How many workers are there

Any consideration of work in music cannot be separated from a scientific mapping of the phenomenon. And here we run into the first critical point: there are no constantly updated studies on workers in the sector divided by segment. The latest attempt dates back to the second edition of the Creative Italy Report (2017) which surveyed almost 169,000 artists (74,000), concert workers (40,600), discography workers (2,400) and various indirect workers. Numbers that should be reviewed, considering that Covid, with shows more or less stopped for two years, has certainly “moved” those values ​​between outgoing and incoming. «Simply the fact that there is no observatory that constantly keeps an eye on the dynamics of the sector», underlines Annarita Masullo, president of the la Musica Che Gira association, «and that, in the past, institutional representatives have ventured into estimates all ‘anything but realistic says a lot about the consideration which the sector unfortunately enjoys’.

The most uncomfortable position is that of the workers who work in the live segment, precarious almost by definition.
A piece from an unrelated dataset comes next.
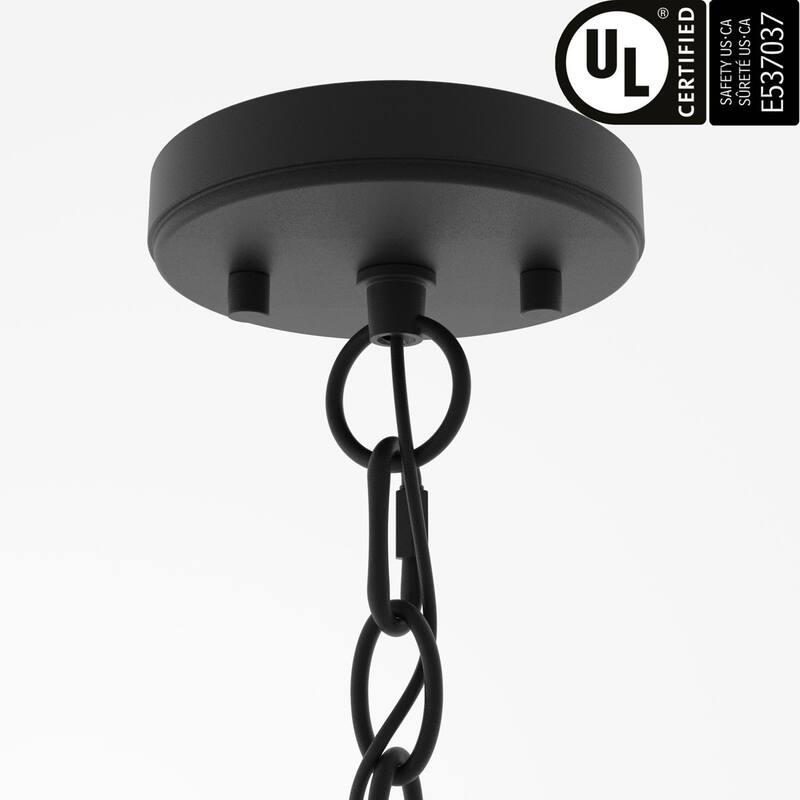 Acroma Beck 18-light Living Room Steel Classic Candle Style Wagon Wheel Chandelier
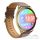 HOCO smartwatch with call function AMOLED Y22 champagne gold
Not by chance the expression gig economy derives from “gig”, the token sessions held by shift workers. «Together with Left Wing», continues Masullo, «in June, we held the States General of Entertainment in Rome to press the legislator on central issues for those who work in this sector and are often precarious, such as the discontinuity allowance».

Post Covid interventions

The legislator, after Covid, has in fact tried to intervene in support of the sector in two ways: on the one hand with the Sostegni Bis Decree, on the other with the launch of the Entertainment Code, which has since become law. “On the first front – comments Massimo Pontoriero, president of Unisca, coordination of creativity, arts and entertainment associations – we are talking about a measure that did not adequately protect self-employed workers”. On the second side, there is still no trace of the implementing decrees but, in the chapter on discontinuity allowance which should guarantee intermittent workers during breaks from live activity, there is one aspect that should not be underestimated: «the calculation – adds the president of Unisca – must take place on the basis of the income received and not of the days worked. Which would represent a real paradigm shift that must also apply to pensions, maternity leave and sickness».